▸ Required action
In the copy, include no pictures. Reproduce the rest of the entries exactly.
[[ Task material, beginning ]]
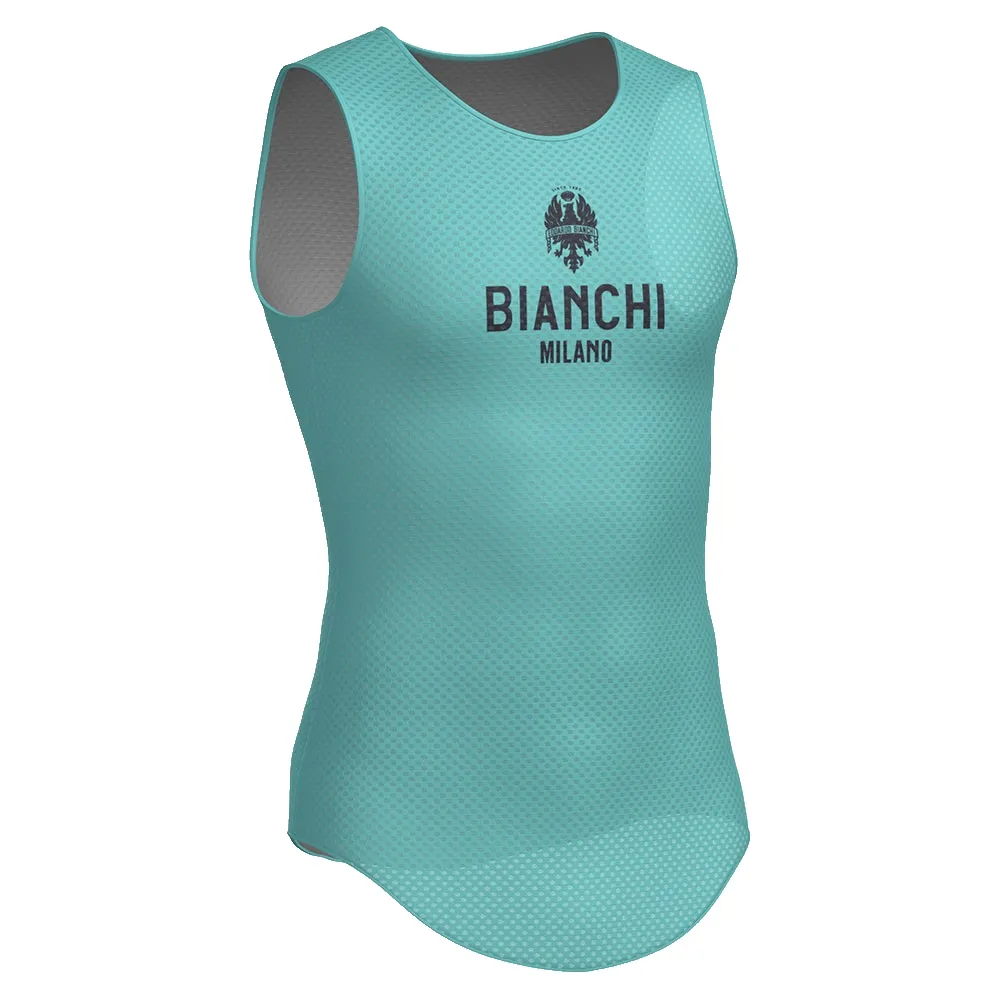Santini Bianchi Milano Core 2025 Ärmlös Baslager Santini Bianchi Milano Core 2025 Ärmlös Baslager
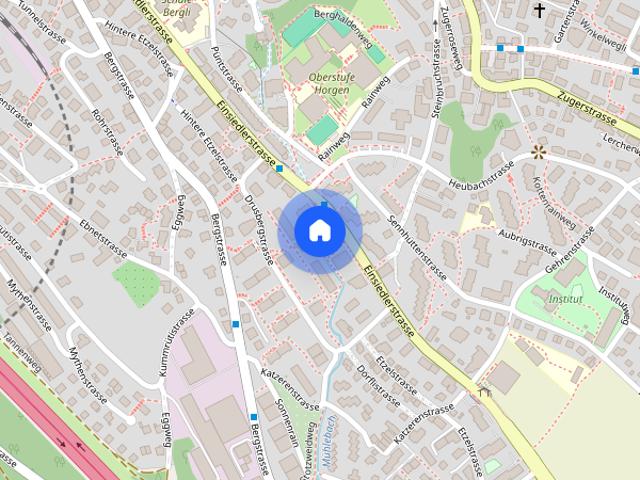 Apartment mieten in Horgen, Zürich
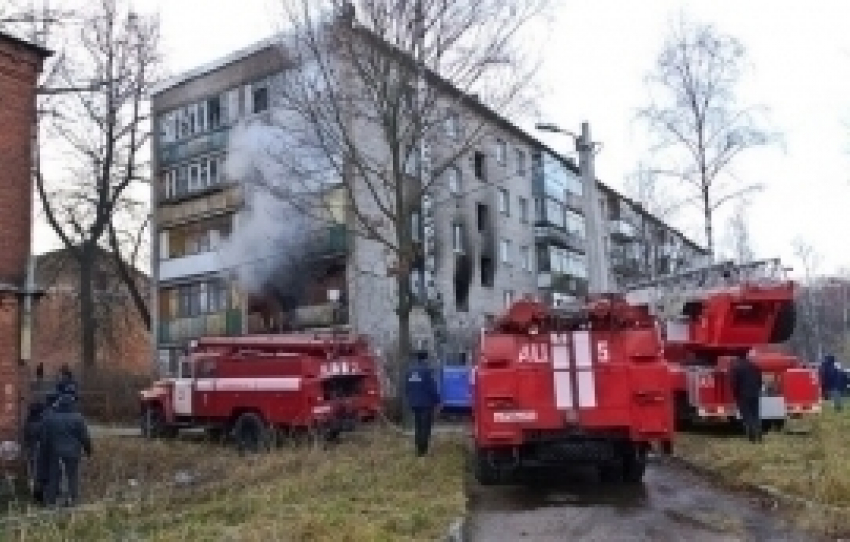 В жилом доме Ставрополья произошел хлопок газовоздушной смеси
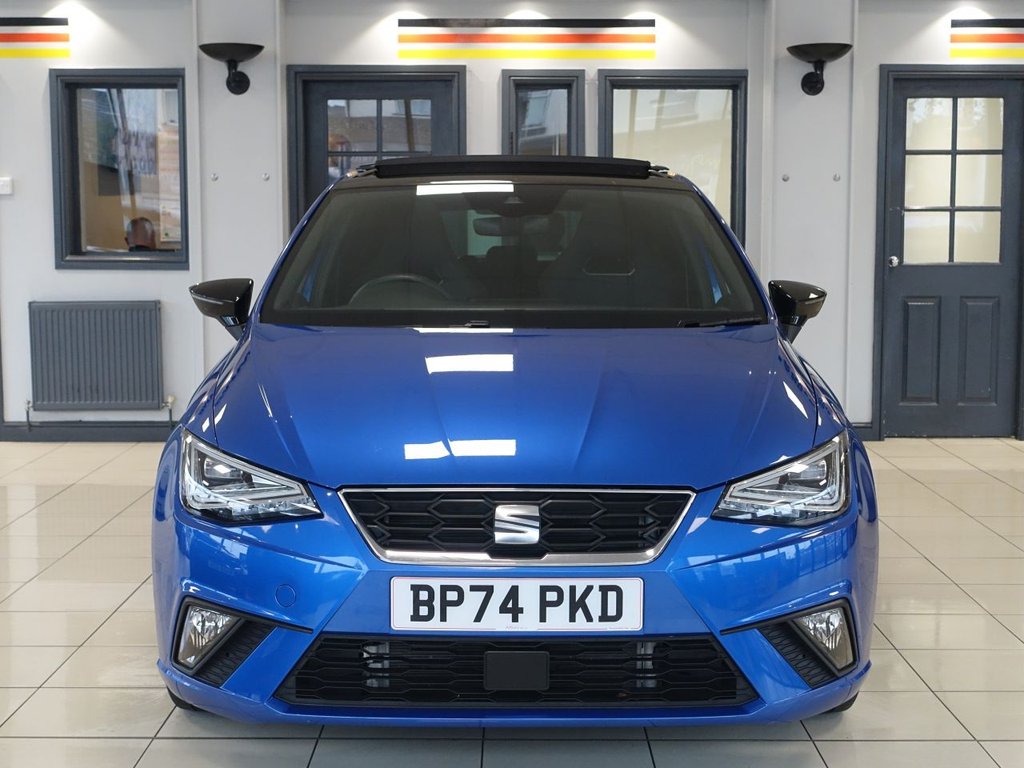 Used SEAT Ibiza 2025 for sale - 77027060: Photo 5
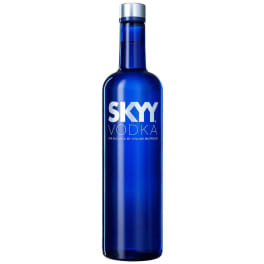 SKYY Original Flavored Vodka - 750mL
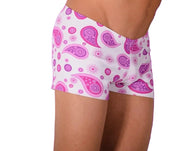 2XS SMU Mens Swim Hipster Underwear Print 43132 MX12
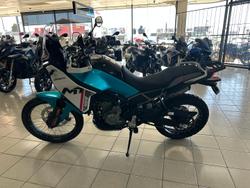 2025 CFMOTO 450MT MT Blue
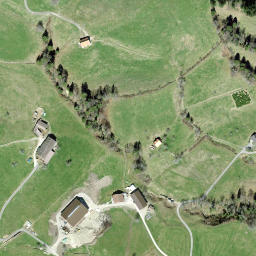 Satellite imagery of Freiherrenberg, CH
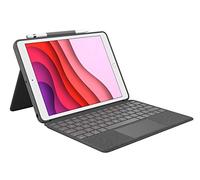 Logitech Combo Touch - Clavier et étui - avec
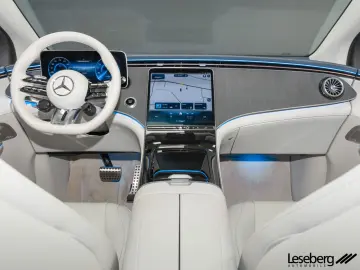 MERCEDES-BENZ EQE 43 AMG 4M SUV DIG.LIGHT Pano Distr…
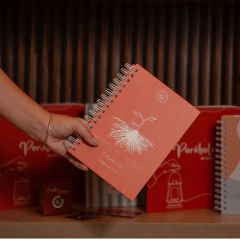 Journal Devocional, seu diário com Deus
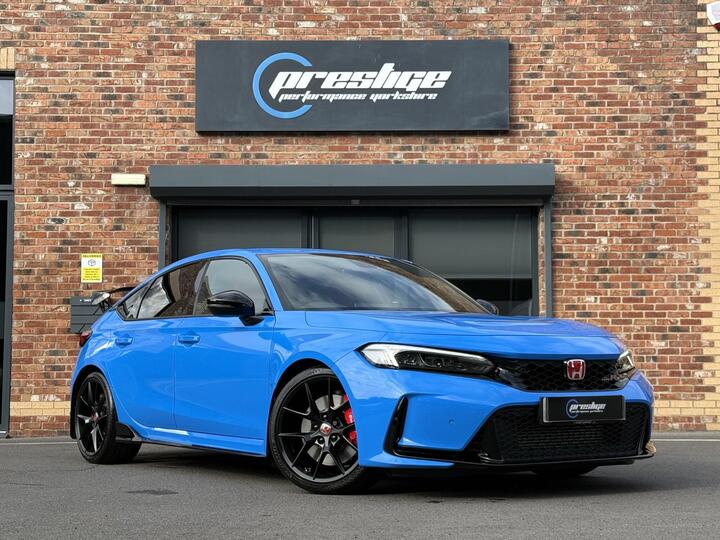 Honda Civic 2.0 VTEC Turbo Type R Euro 6 (s/s) 5dr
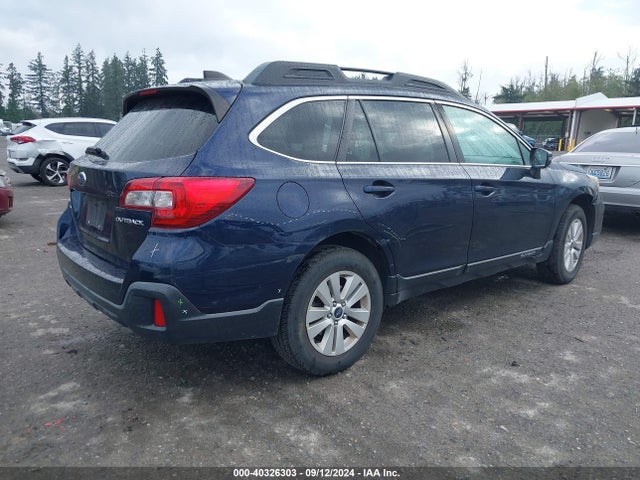 Subaru Outback 2.5i Premium 2018 4S4BSAFC8J3237793 Image 4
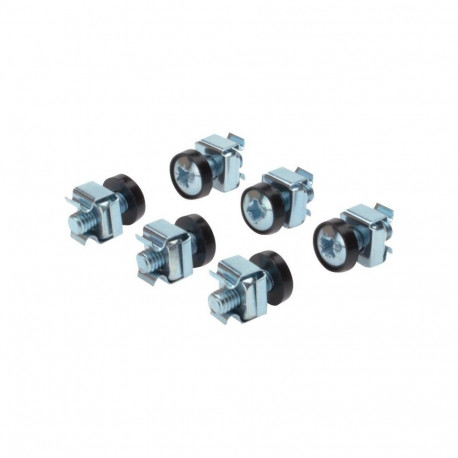 Digitus Fixing set for 483 mm (19) and 254 mm (10") components, M6 | DN-19 SET-S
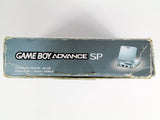 Nintendo Game Boy Advance SP System [AGS-101] Pearl Blue (GBA)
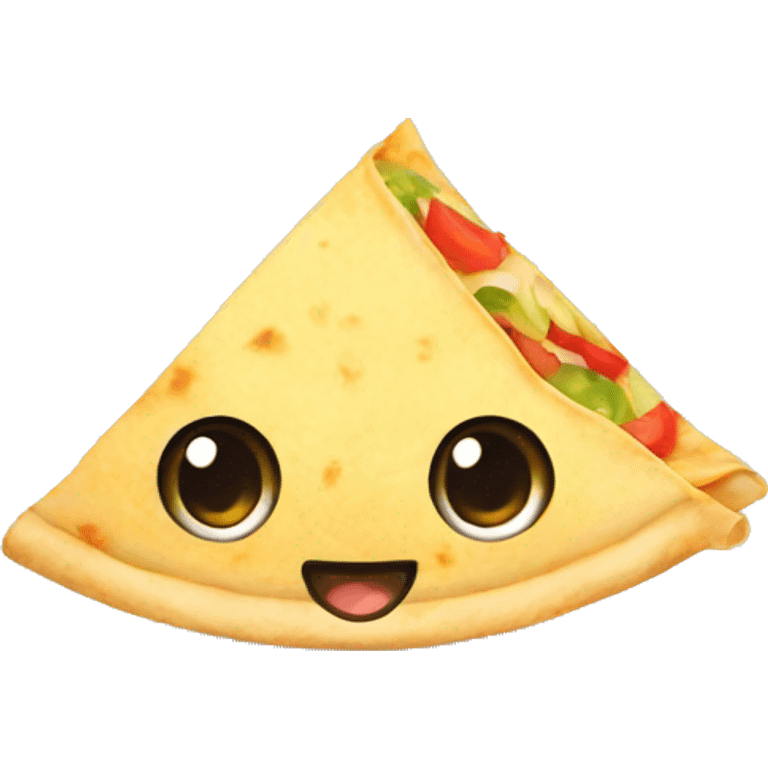 tortilla emoji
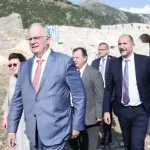 Τασούλας από το Σούλι: «Το Κάστρο της Κιάφας είναι μνημείο ελευθερίας και σύμβολο της αδάμαστης σουλιώτικης ψυχής»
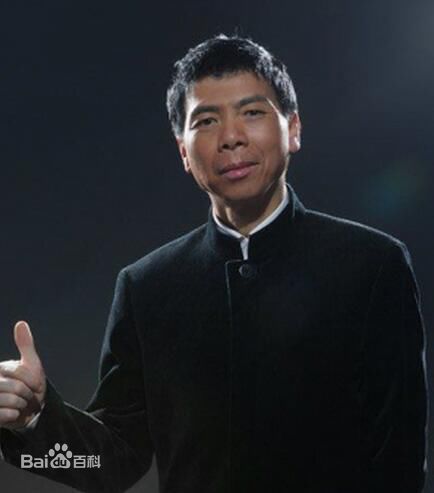 冯小刚(Xiaogang Feng)前后照片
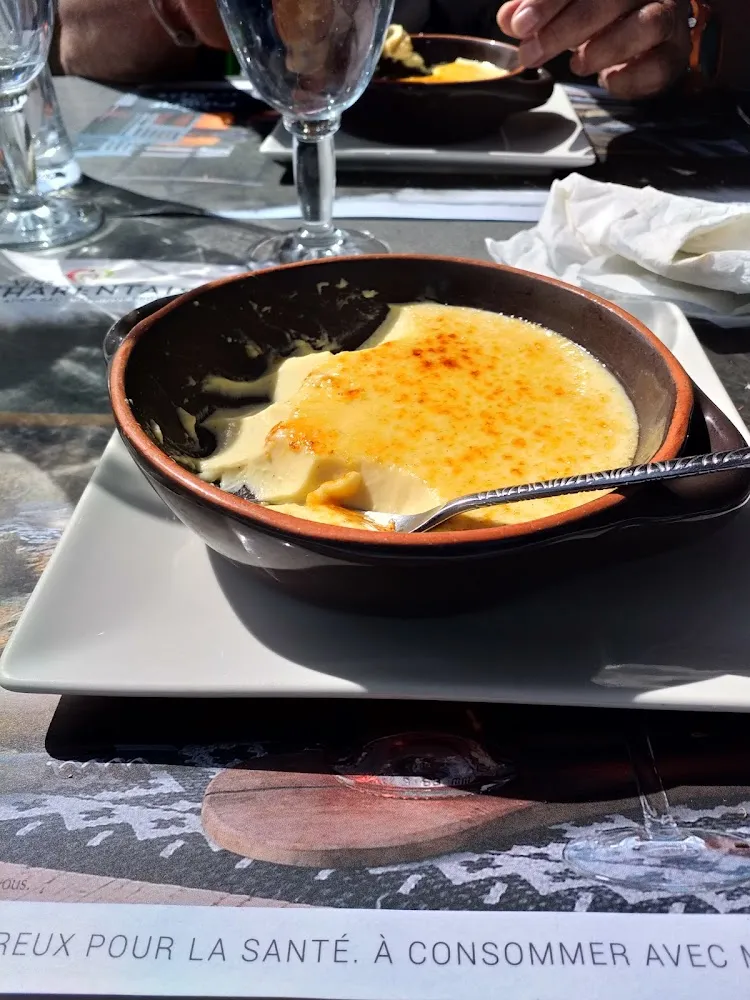 Crème Brûlée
[[ Task material, end ]]
▸ Solution to the exercise
Santini Bianchi Milano Core 2025 Ärmlös Baslager Santini Bianchi Milano Core 2025 Ärmlös Baslager
 Apartment mieten in Horgen, Zürich
 В жилом доме Ставрополья произошел хлопок газовоздушной смеси
 Used SEAT Ibiza 2025 for sale - 77027060: Photo 5
 SKYY Original Flavored Vodka - 750mL
 2XS SMU Mens Swim Hipster Underwear Print 43132 MX12
 2025 CFMOTO 450MT MT Blue
 Satellite imagery of Freiherrenberg, CH
 Logitech Combo Touch - Clavier et étui - avec
 MERCEDES-BENZ EQE 43 AMG 4M SUV DIG.LIGHT Pano Distr…
 Journal Devocional, seu diário com Deus
 Honda Civic 2.0 VTEC Turbo Type R Euro 6 (s/s) 5dr
 Subaru Outback 2.5i Premium 2018 4S4BSAFC8J3237793 Image 4
 Digitus Fixing set for 483 mm (19) and 254 mm (10") components, M6 | DN-19 SET-S
 Nintendo Game Boy Advance SP System [AGS-101] Pearl Blue (GBA)
 tortilla emoji
 Τασούλας από το Σούλι: «Το Κάστρο της Κιάφας είναι μνημείο ελευθερίας και σύμβολο της αδάμαστης σουλιώτικης ψυχής»
 冯小刚(Xiaogang Feng)前后照片
 Crème Brûlée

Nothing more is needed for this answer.